London tops NY as world's best place to do business

news
24 September 2015

If, as Napoleon said, ''England is a nation of shopkeepers,'' then they certainly do it better than anyone else. London has emerged as the most competitive financial centre in the world, overtaking New York and utterly dominating the rankings compiled by analysts at the Z/Yen Group this year.
The City of London
Underlining that John Bull is back, the capital topped every single category in the index, with the best business environment, the most developed financial centre, the most impressive infrastructure, the best human capital and the top overall reputation.

New York is the second best financial centre, followed by Hong Kong, Singapore and Tokyo.

London received a substantial boost from the Conservative victory in May's general election, the Global Financial Centres Index report said.

Labour, led at the time by Ed Miliband, was notably more hostile to business in the run-up to the vote.

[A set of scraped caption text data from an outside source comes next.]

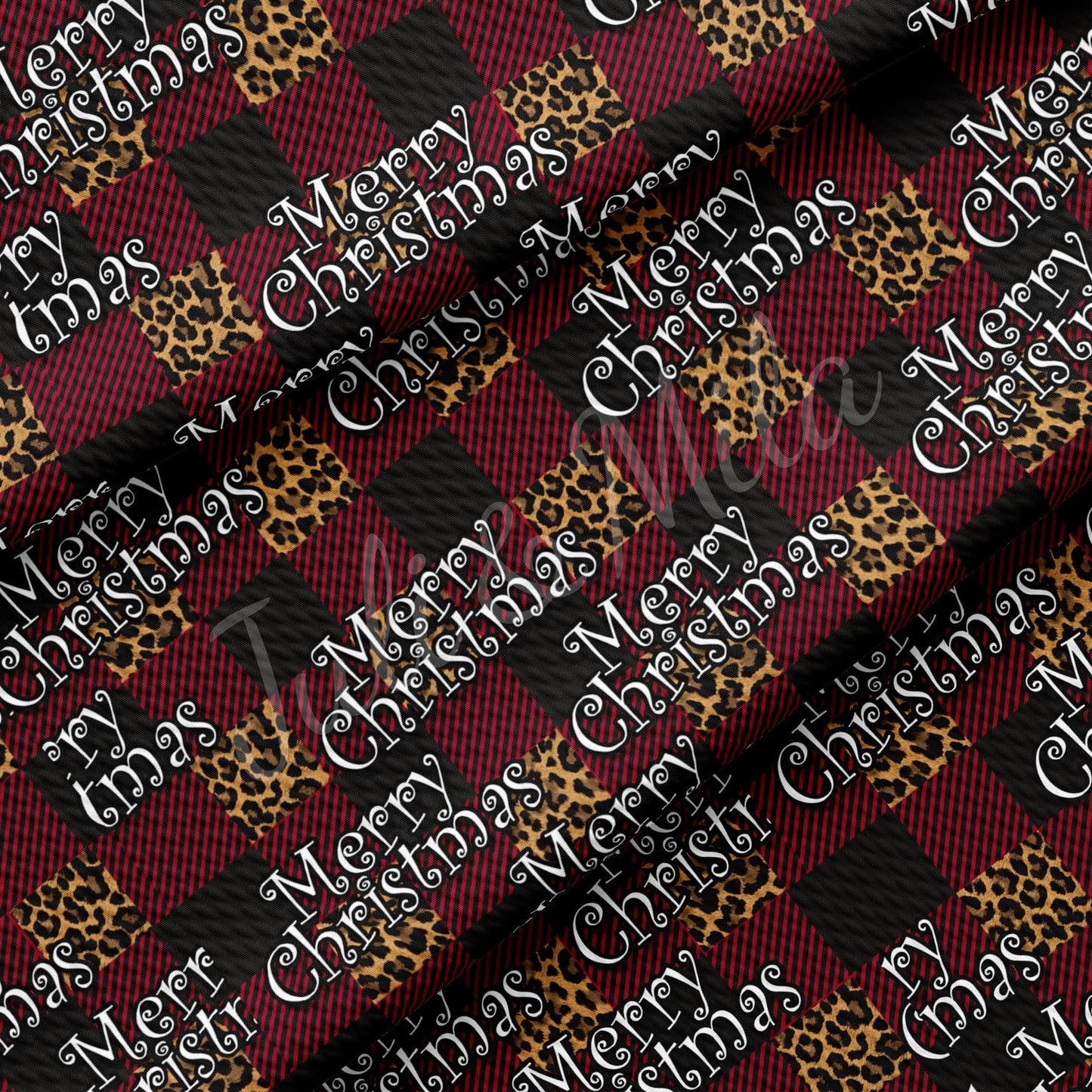 Christmas Bullet Fabric AC206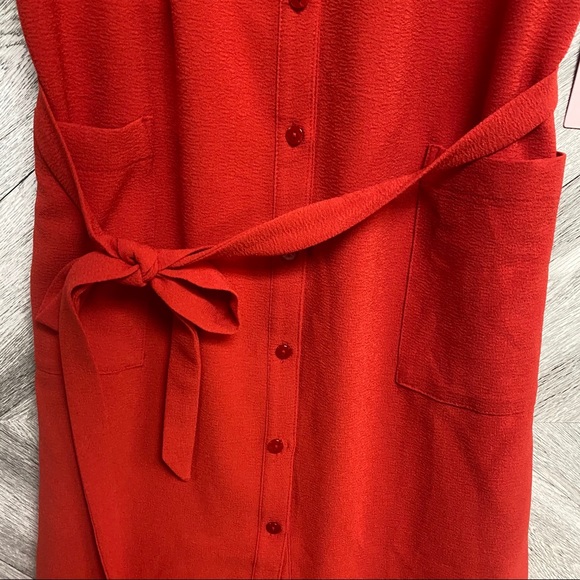 Rachel Parcell | The Red Everyday Shirt Dress XL - Picture 4 of 8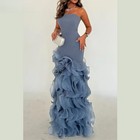 Asymmetrical Prom Gown Tiered Layers Party Dress For Women Mermaid Evening Dress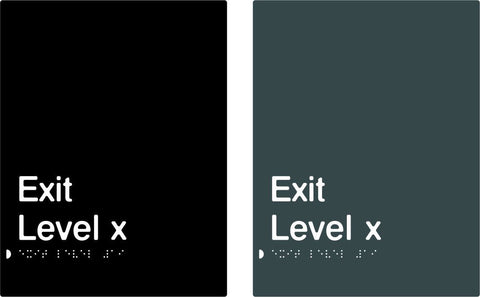 Exit Signs (White/Black, White/Charcoal Grey)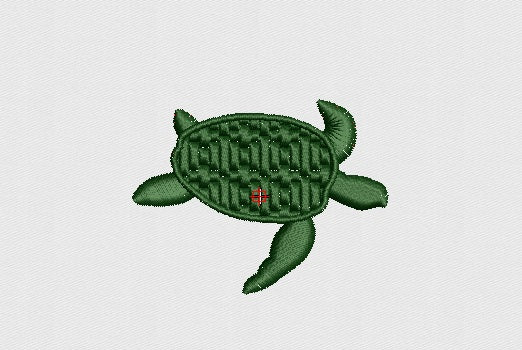 Turtle Embroidery Design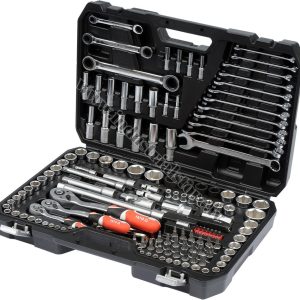 MUCIŅATSLĒGU KOMPLEKTS 1/4"+3/8"+1/2" 150 VIENĪBAS YATO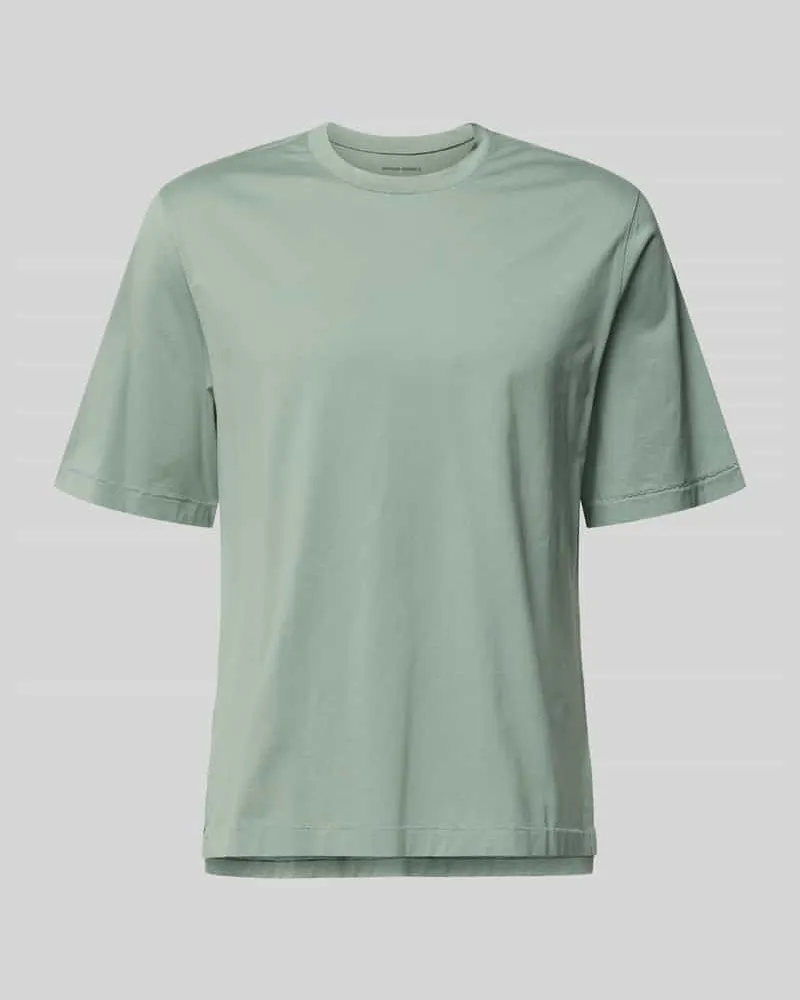 Officine Generale Regular Fit T-Shirt aus reiner Baumwolle Khaki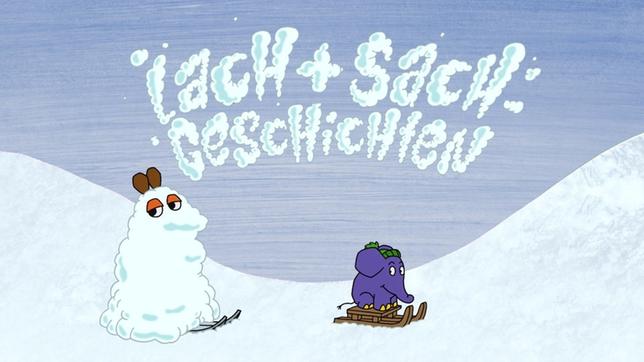 Maus und Elefant im Schnee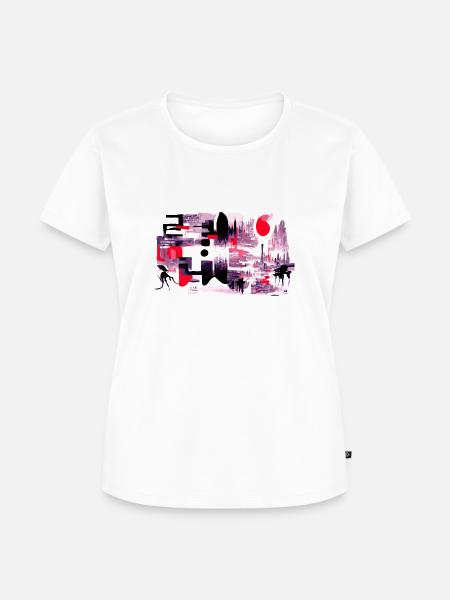 Urban Diversity 2 - Frauen Premium Bio T-Shirt - Weiß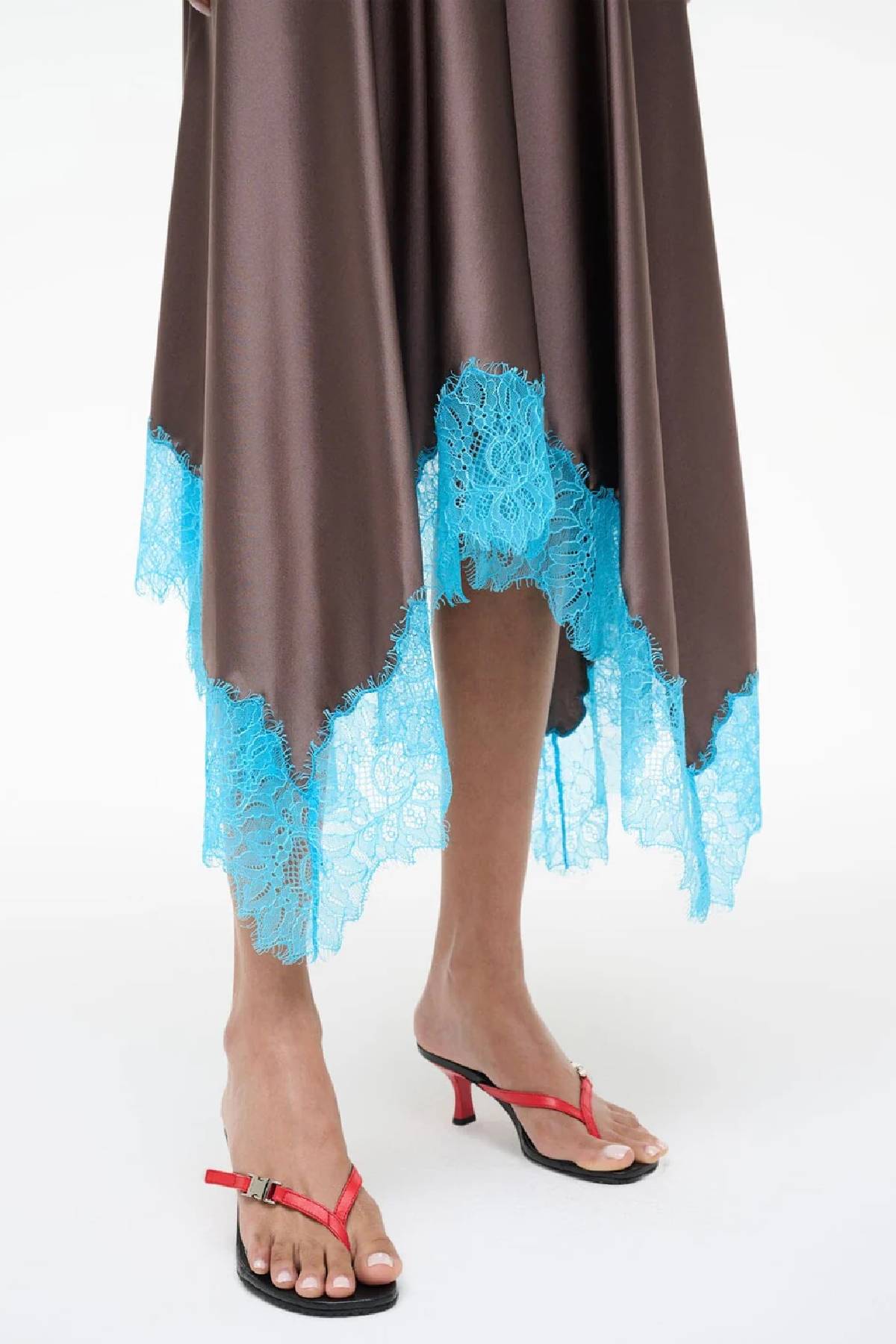 Robe midi en soie Staud Elira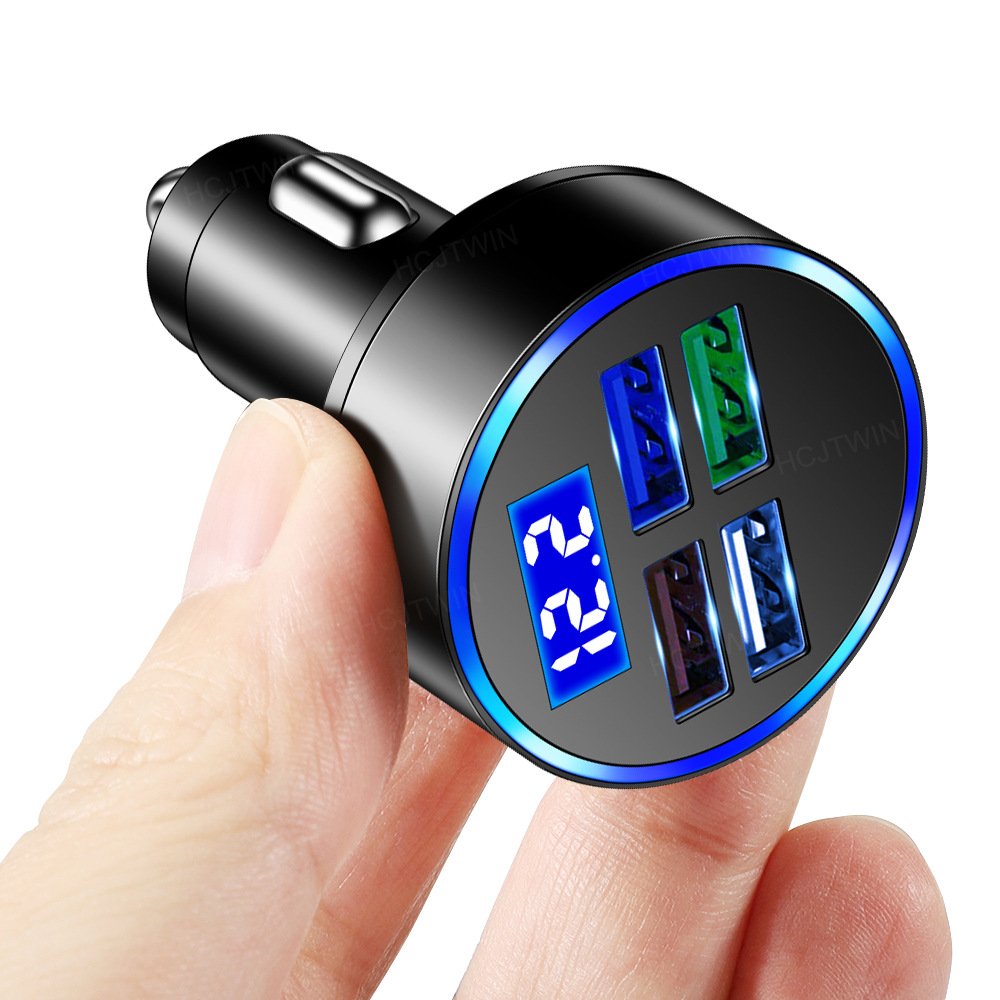 High Quality Electronic Car Accessories USB Charger 4 in 1 Fast Car Charger for iphone and samsung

The rejection of independence by Scottish voters was also a positive, with foreigners assessing the stability of London and Britain as a place to do business.

The depth and breadth of business activity also helped, with the strength of the professional services and insurance industries alongside banking giving London a boost in the rankings.

All the finance professionals surveyed ranked London very highly, indicating that it is a stable place to work.

Meanwhile, the biggest climber in the top 10 is Toronto, which moved up three spaces to be ranked at eight in the table.

But the fastest mover in the top 20 is Dubai, which rocketed up seven spaces in the annual rankings to claim the 16th slot globally.

The plunging oil price caused major stock price falls in late 2014, but the emirate is still the Middle East's premier financial centre and appears to be bouncing back after tumbling down the rankings last year.

The study found that respondents from Eastern Europe, North America and the Middle East were particularly favourable towards London, while those in Asia-Pacific, Western Europe and Latin America are less keen on the City's dominance.